EXERCISE —
Reproduce the data below exactly. Skip the pictures.

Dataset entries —

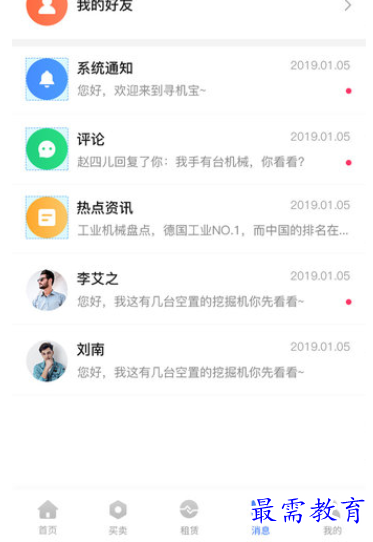 1657191501999962.png image.png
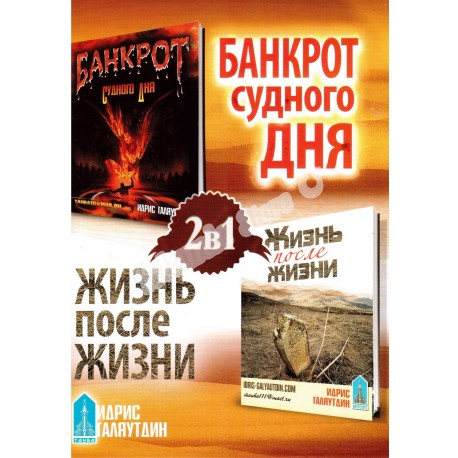 "2в1 Банкрот судного дня. Жизнь после жизни"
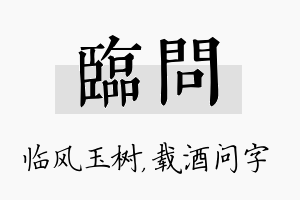 临问名字的寓意及含义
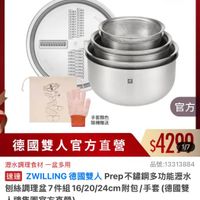 可能是顯示的文字是「 09:58 <=30新品 NEW o 新品 廚房剪刀 0 餐廚用品： 島用品保辦會/便將盒＞本用主打》強促銷3折山 保鮮盒 保鮮盒/便當盒 本月主打 強檔促銷3折up ZWILLING 德國雙人官方旗艦店 效 ZWILLING นนผมนผผมผม 國 手套颜色 隨機開送 官方 德國雙人官方直營 $4299 1/7 涯水調理食材一盆多用 一盆多用 品號：13313884 速達 遵ZWLLINC德國雙人Pep不錯調多功能溫水 ZWILLING 德國雙人 Prep rep不鏽鋼多功能涯水 包絲調理盒7件組16/20)24cm包/手華（德國 手套 （德國雙 包絲調理盆7件組16 16/20/24cm附包/手套 16/20/24cm 附包 人牌集團官方直營） $4,299 限時折後價 總銷量>100 $9,040 $9,040促銷價 促銷價 現折 滿1件折 滿1件折4741元 4741元 moPlus 活動寶場》 訂閱 訂閱mPlus moPlus 會員享4%回饋 訂閱moPlus會員享4%回饋 回饋 -68 68 追蹤追蹤清單購物車 追蹤 追蹤清單 購物車 > 加入購物車 直接購買」的圖像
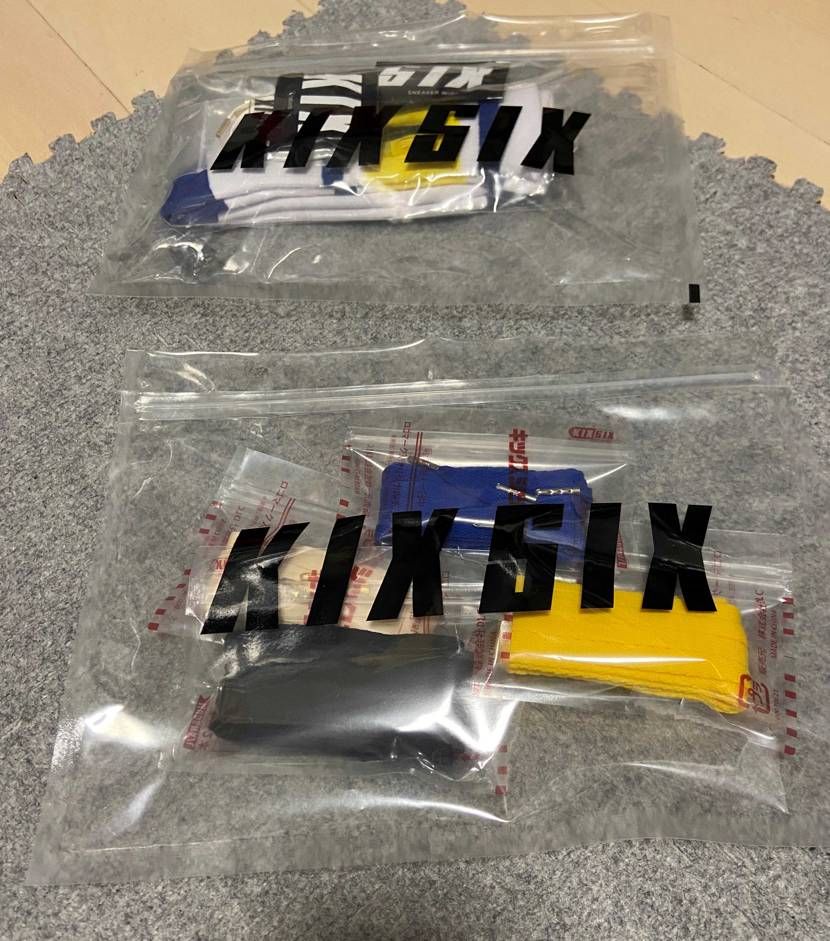 新年一発目というか今年最後の福袋w
届くの早すぎですね。

上は2021年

ANSWER AREA —
 1657191501999962.png image.png
 "2в1 Банкрот судного дня. Жизнь после жизни"
 临问名字的寓意及含义
 可能是顯示的文字是「 09:58 <=30新品 NEW o 新品 廚房剪刀 0 餐廚用品： 島用品保辦會/便將盒＞本用主打》強促銷3折山 保鮮盒 保鮮盒/便當盒 本月主打 強檔促銷3折up ZWILLING 德國雙人官方旗艦店 效 ZWILLING นนผมนผผมผม 國 手套颜色 隨機開送 官方 德國雙人官方直營 $4299 1/7 涯水調理食材一盆多用 一盆多用 品號：13313884 速達 遵ZWLLINC德國雙人Pep不錯調多功能溫水 ZWILLING 德國雙人 Prep rep不鏽鋼多功能涯水 包絲調理盒7件組16/20)24cm包/手華（德國 手套 （德國雙 包絲調理盆7件組16 16/20/24cm附包/手套 16/20/24cm 附包 人牌集團官方直營） $4,299 限時折後價 總銷量>100 $9,040 $9,040促銷價 促銷價 現折 滿1件折 滿1件折4741元 4741元 moPlus 活動寶場》 訂閱 訂閱mPlus moPlus 會員享4%回饋 訂閱moPlus會員享4%回饋 回饋 -68 68 追蹤追蹤清單購物車 追蹤 追蹤清單 購物車 > 加入購物車 直接購買」的圖像
 新年一発目というか今年最後の福袋w
届くの早すぎですね。

上は2021年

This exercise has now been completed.